Using the less than comparison operator for strings

南笙酒味 提交于 2019-11-26 16:55:02

问题


I'm following a tutorial for C++ and looking at strings and overloading with operators such as +=, ==, != etc, currently have a simple if statement

if(s1 < s2)
    cout << s2 <<endl;
else
  if(s2 < s1)
    cout << s1 << endl;
  else
    cout << "Equal\n";

but how does this work, and how does the program decide which string is greater than another? looking around I've found a basic template decleration:

template<class charT, class traits, class Allocator>
  bool operator< ( const basic_string<charT,traits,Allocator>& lhs,
                const basic_string<charT,traits,Allocator>& rhs );

does this define how < works? if so, what does mean / do?
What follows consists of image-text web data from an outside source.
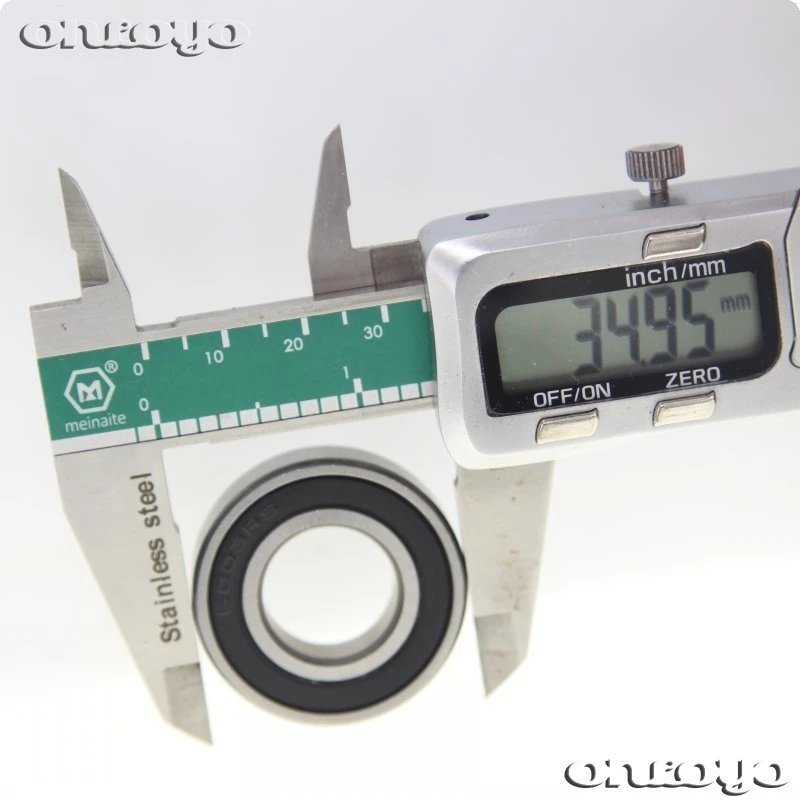 630200080000 шарикоподшипники 6003 подшипник для Tajima Запчасти вышивальной машины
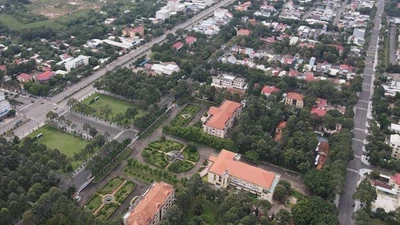 Đồng Nai xử lý gần 90% trụ sở dôi dư sau hợp nhất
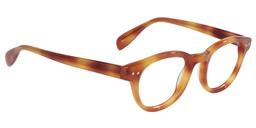Davidson Oval Orange Glasses3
also do the following operators have any meaning for strings? -= and *=

any advice is greatly appreciated!


回答1:


The less-than operator on strings does a lexicographical comparison on the strings. This compares strings in the same way that they would be listed in dictionary order, generalized to work for strings with non-letter characters.

For example:

"a" < "b"
"a" < "ab"
"A" < "a"             (Since A has ASCII value 65; a has a higher ASCII value)
"cat" < "caterpillar"

For more information, look at the std::lexicographical_compare algorithm, which the less-than operator usually invokes.

As for -= and *=, neither of these operators are defined on strings. The only "arithmetic" operators defined are + and +=, which perform string concatenation.

Hope this helps!




回答2:


The comparison operators implement lexicographic ordering of strings.

-= and *= are not defined for strings.